• **Task to carry out**: Lines below starting with the line with "Топка за скоростен" and going on through the line with "Amsterdam Baroque Orchestra" must be output exactly; the rest of the records must be left out.

• **Data shown**:
————

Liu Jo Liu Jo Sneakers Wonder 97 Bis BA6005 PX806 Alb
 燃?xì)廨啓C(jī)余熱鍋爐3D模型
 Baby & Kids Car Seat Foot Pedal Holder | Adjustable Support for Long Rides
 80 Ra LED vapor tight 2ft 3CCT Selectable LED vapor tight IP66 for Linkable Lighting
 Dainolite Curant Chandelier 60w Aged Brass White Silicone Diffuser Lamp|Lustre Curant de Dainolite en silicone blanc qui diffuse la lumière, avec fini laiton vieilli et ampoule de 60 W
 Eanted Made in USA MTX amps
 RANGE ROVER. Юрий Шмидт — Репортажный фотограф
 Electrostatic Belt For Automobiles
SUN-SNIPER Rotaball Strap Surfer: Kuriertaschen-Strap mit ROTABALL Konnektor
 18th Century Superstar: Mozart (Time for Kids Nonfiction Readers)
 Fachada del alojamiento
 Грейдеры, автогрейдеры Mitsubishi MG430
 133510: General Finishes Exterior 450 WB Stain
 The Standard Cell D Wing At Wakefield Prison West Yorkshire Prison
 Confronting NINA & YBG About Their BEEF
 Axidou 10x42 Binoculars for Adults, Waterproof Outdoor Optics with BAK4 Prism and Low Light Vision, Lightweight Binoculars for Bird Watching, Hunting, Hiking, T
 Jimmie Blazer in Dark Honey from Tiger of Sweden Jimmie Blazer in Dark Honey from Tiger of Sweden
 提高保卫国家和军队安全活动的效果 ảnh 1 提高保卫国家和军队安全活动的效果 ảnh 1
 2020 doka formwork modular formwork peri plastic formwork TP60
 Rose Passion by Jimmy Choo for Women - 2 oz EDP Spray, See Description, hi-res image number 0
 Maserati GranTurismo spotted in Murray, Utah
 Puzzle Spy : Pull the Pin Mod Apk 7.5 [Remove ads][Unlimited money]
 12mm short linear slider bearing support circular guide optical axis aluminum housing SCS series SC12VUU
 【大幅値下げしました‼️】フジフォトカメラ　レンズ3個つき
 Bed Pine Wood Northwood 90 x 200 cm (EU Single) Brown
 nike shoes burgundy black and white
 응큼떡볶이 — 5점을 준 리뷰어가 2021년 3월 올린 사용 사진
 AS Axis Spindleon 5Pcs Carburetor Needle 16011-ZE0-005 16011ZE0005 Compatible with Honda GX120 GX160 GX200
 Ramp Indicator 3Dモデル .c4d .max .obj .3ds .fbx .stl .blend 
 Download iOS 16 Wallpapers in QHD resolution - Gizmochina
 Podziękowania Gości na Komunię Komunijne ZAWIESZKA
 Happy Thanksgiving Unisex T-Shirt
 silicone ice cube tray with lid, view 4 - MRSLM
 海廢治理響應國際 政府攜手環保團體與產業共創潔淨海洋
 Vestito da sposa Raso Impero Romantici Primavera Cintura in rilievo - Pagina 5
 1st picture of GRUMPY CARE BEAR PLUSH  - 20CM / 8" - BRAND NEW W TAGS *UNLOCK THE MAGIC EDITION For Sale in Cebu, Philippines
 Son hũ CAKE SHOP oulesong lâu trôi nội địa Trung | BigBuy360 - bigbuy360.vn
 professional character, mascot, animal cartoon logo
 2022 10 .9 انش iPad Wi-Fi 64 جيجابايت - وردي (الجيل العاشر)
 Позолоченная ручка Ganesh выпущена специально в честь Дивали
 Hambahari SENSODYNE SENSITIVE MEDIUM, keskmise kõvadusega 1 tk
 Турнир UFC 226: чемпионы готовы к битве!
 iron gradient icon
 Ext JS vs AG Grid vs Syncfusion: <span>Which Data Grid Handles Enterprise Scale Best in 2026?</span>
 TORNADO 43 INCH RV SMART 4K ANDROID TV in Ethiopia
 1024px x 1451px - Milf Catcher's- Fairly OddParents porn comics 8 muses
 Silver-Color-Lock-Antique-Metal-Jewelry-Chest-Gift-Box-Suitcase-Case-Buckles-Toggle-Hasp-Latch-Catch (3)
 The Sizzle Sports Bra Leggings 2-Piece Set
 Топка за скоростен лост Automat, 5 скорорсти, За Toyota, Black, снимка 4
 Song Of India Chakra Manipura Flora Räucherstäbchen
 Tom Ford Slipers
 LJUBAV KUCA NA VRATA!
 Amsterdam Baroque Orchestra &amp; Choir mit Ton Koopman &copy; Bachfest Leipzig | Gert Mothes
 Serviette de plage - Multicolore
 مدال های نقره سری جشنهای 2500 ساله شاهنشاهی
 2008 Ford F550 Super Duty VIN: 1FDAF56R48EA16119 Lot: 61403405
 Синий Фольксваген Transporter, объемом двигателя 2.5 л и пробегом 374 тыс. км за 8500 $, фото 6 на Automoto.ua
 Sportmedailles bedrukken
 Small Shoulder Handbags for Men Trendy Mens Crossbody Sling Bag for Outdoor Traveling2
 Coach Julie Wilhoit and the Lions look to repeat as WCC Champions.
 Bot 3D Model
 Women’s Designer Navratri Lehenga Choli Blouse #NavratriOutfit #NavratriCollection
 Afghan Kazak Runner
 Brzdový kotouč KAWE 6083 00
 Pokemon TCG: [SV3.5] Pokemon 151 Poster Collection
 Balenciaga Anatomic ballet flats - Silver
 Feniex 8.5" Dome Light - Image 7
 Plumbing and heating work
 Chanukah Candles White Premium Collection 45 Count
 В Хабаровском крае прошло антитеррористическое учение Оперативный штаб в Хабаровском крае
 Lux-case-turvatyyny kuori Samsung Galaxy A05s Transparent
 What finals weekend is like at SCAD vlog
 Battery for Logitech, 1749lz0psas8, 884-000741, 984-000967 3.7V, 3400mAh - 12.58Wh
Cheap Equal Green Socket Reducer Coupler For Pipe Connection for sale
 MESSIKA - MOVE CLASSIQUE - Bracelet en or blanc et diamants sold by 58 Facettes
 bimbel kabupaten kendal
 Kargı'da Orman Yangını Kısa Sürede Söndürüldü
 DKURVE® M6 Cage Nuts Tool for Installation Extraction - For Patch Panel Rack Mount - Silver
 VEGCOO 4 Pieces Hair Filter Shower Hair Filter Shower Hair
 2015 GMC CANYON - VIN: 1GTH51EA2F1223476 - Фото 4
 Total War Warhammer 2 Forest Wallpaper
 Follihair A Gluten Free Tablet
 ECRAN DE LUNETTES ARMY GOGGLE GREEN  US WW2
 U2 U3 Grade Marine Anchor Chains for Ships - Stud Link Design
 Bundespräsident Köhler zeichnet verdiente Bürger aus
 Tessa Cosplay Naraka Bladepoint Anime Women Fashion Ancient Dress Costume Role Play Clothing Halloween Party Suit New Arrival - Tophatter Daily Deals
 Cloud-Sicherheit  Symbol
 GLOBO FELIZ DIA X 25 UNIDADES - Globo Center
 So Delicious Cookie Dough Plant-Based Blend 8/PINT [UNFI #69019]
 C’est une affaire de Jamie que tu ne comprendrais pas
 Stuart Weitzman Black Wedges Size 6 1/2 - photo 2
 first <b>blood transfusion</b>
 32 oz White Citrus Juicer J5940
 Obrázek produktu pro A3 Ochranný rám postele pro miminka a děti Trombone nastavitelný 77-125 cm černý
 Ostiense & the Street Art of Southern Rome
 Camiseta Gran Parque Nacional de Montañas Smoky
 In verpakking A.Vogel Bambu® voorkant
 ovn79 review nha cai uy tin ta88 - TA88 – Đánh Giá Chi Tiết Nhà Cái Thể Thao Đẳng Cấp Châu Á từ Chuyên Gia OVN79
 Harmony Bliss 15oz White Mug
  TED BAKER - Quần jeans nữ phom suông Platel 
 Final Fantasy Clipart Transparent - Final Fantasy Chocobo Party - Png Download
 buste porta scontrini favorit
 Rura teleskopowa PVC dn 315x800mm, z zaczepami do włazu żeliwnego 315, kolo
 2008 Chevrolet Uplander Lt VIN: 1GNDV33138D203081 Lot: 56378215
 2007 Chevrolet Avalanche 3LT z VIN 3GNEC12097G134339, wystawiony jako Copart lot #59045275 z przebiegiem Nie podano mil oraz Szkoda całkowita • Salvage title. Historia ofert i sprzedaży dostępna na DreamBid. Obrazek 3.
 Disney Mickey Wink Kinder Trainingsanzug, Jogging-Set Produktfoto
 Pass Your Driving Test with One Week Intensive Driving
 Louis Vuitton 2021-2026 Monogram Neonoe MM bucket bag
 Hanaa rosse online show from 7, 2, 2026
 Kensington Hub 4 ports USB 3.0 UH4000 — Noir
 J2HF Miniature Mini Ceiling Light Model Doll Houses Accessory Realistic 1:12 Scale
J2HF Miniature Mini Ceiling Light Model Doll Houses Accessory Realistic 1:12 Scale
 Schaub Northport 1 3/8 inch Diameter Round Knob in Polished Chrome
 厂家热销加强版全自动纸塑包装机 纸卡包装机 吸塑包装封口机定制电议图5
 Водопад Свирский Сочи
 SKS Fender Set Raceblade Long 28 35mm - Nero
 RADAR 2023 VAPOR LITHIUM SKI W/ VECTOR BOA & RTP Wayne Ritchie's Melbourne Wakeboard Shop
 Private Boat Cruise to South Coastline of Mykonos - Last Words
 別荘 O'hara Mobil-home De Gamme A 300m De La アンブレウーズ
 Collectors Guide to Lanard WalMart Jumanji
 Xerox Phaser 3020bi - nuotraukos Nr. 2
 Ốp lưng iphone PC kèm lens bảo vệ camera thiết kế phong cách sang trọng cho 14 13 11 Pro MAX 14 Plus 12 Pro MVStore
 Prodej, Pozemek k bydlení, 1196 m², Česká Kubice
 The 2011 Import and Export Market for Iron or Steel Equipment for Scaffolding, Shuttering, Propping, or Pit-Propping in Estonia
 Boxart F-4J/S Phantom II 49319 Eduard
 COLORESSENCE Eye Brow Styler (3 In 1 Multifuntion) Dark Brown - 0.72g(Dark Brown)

————

• **Output for this exercise**:
 Топка за скоростен лост Automat, 5 скорорсти, За Toyota, Black, снимка 4
 Song Of India Chakra Manipura Flora Räucherstäbchen
 Tom Ford Slipers
 LJUBAV KUCA NA VRATA!
 Amsterdam Baroque Orchestra &amp; Choir mit Ton Koopman &copy; Bachfest Leipzig | Gert Mothes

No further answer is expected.